Residents of a self-consciously quaint Washington, D.C., suburb end up at war when a wealthy family moves in.
"One couldn't, in all honesty, accuse Nick Cox of starting the 'big house' craze in Willard Park. The tearing down and building up had started long before he moved in....Now houses wrapped in shimmering Tyvek slips were a common sight. Latino gardeners spilled out of trucks in the springtime along with wheelbarrows full of mulch and trees with round, burlap bottoms." Langsdorf's debut social satire gets off to a promising start, laying out the tensions in a town on the cusp of change through the conflicts simmering on one block of Tunlaw Place.
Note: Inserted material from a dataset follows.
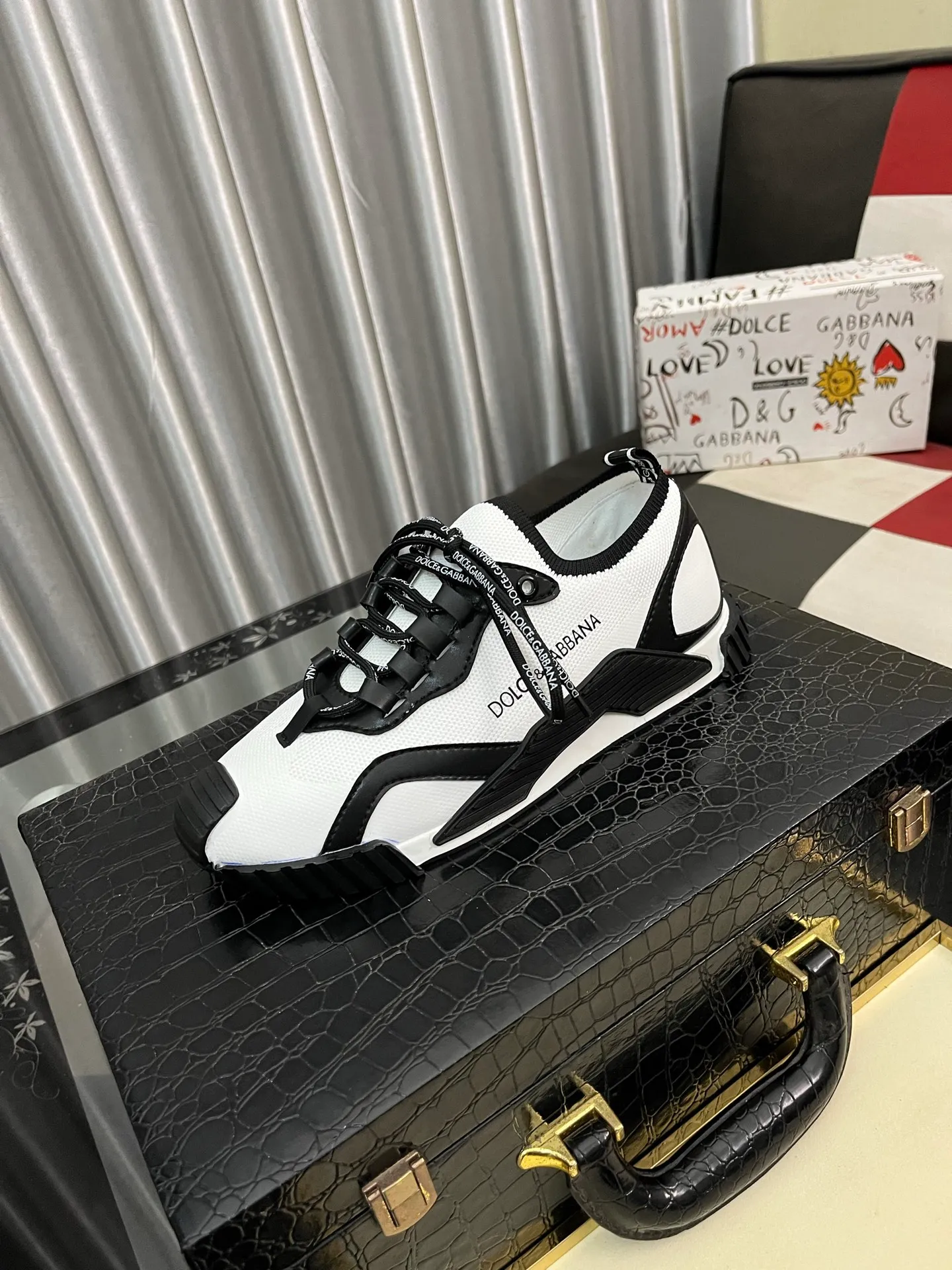 Men's Men's Shoes💰420⌚️⌚️Dolce&Gabbana••DG✔️Men's Sports•Casual Shoes. Original goods from top counters. Original imported cowhide, multi-material splicing design ➕Imported cowhide lining, cowhide feet ➕Original TPR elastic outsole. Size: 35-46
At its center are Ted and Allison, a nice couple who've lived in Willard Park for almost 14 years. Their problems were no worse than the usual dull marriage/adolescent daughter scenario until the philistines arrived, building a castle on one side of them and a mammoth spec house—the titular "white elephant"—on the other. As the town divides bitterly over a proposed building moratorium, a mysterious tree murderer hits the streets with a chainsaw, ravaging the arboreal population. Langsdorf's not-too-endearing cast includes several villains (two bullies and one pot smoker), a couple of saints (tree-hugger Ted and his intellectually disabled twin), and two central female characters who should be easier to keep straight than they are. An almost Shirley Jackson–esque view of human nature emerges when the bulletin board at the local cafe spontaneously blooms with tattletale notes: "Melanie Frank said her black walnut trees are 'not worth the trouble'." "Ana Lopez cheats on her taxes." "Antoine Beignet has a second family in Toledo." After a surprisingly cruel climax, a cleanup chapter can't quite make the skies blue again.
A dark comedy with more darkness than comedy.